# WHAT YOU SHOULD DO:
Reproduce the data exactly and drop any pictures it holds.

# RECORDED DATA:

•••••

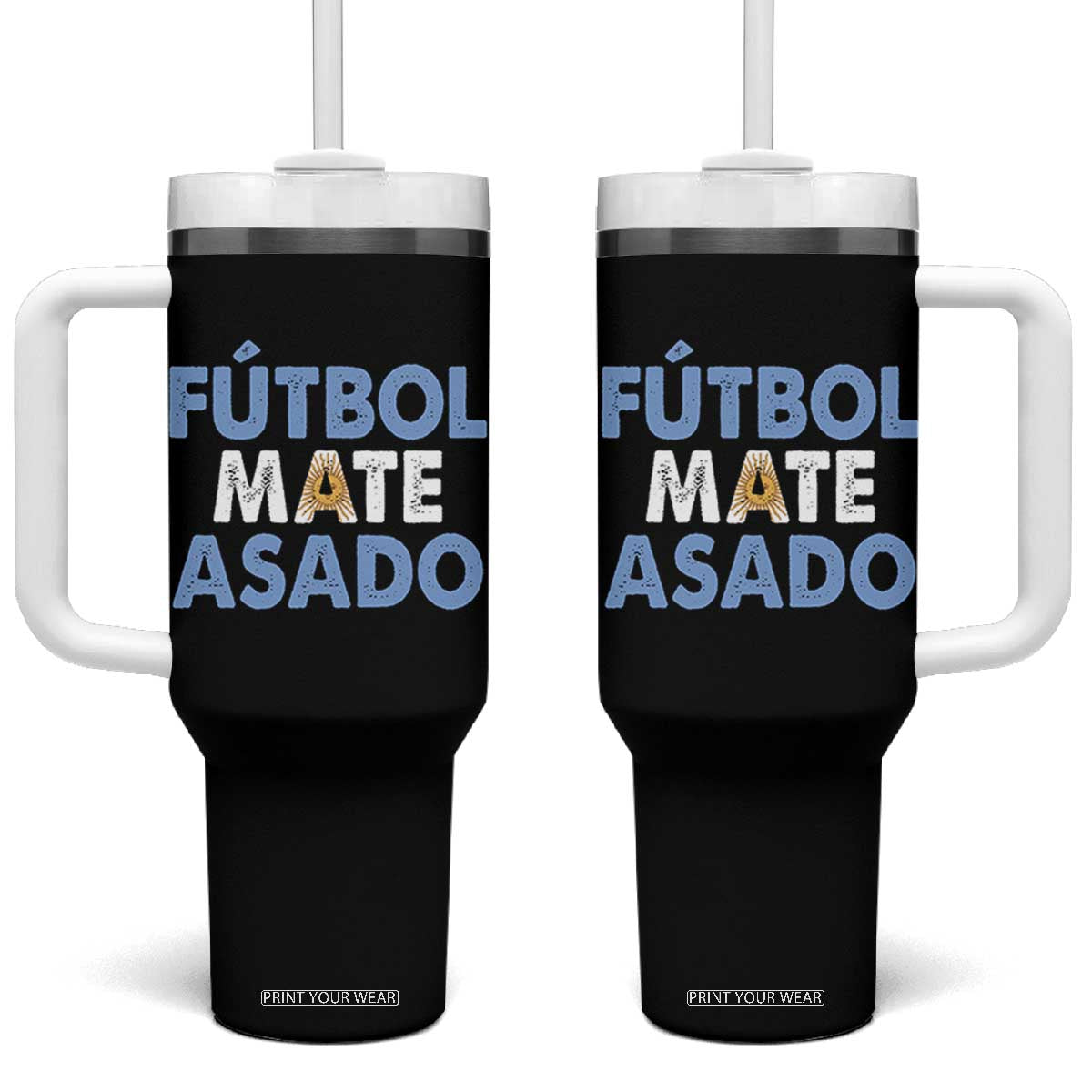 Futbol Mate Asado Argentina Soccer Fan Tumbler With Handle Argentinian Flag Pride Vintage Football Lovers TS10 One Size: 40 oz Black Print Your Wear
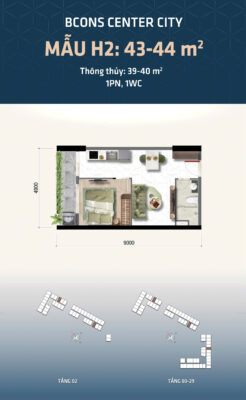 Thiết kế căn hộ Bcons Center City - Mẫu thiết kế 1pn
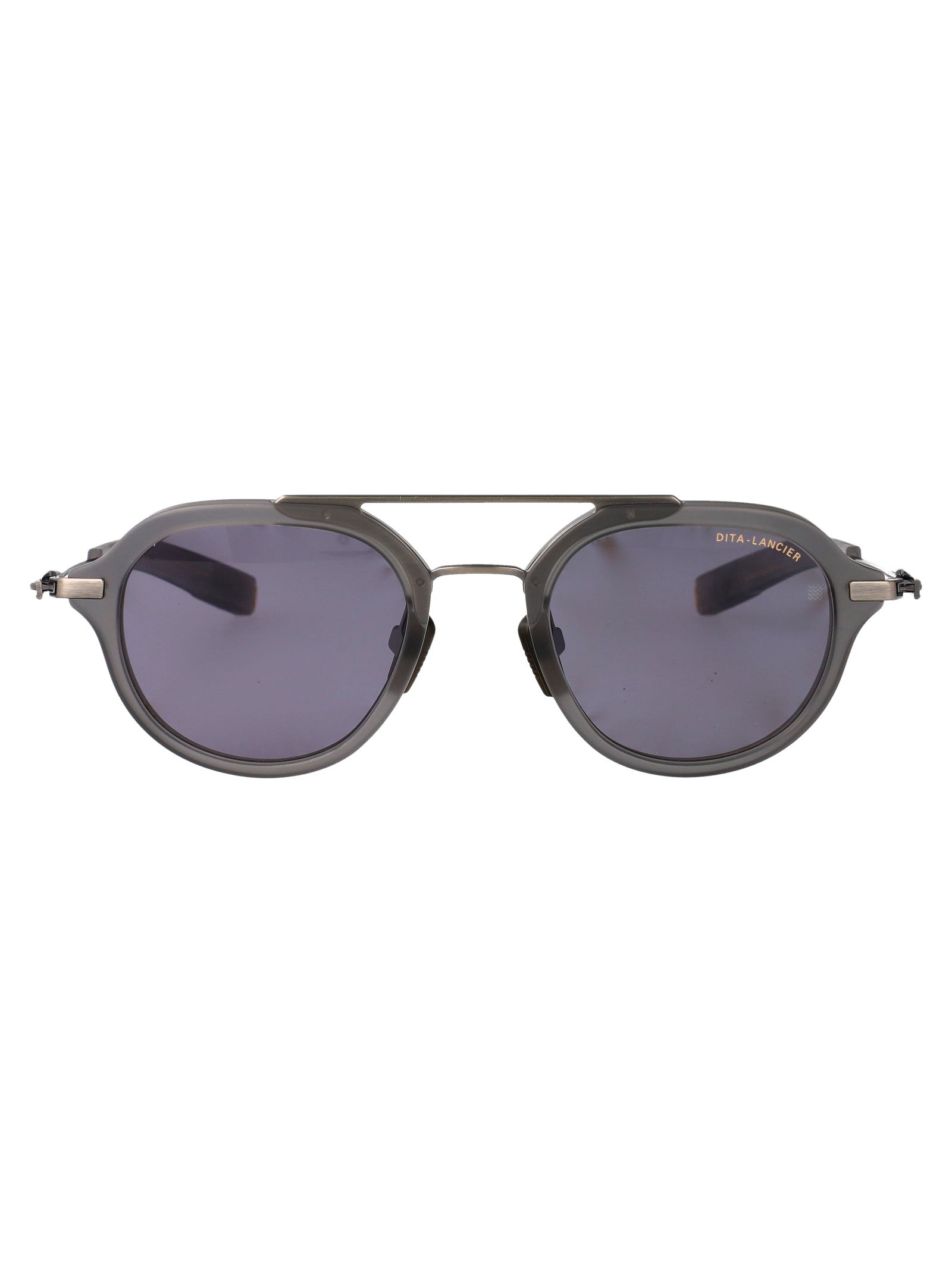 Dls407-A-02 02 Satin Crystal Grey - Antique Silver Metal Sunglasses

•••••

# RESULT:
 Futbol Mate Asado Argentina Soccer Fan Tumbler With Handle Argentinian Flag Pride Vintage Football Lovers TS10 One Size: 40 oz Black Print Your Wear
 Thiết kế căn hộ Bcons Center City - Mẫu thiết kế 1pn
 Dls407-A-02 02 Satin Crystal Grey - Antique Silver Metal Sunglasses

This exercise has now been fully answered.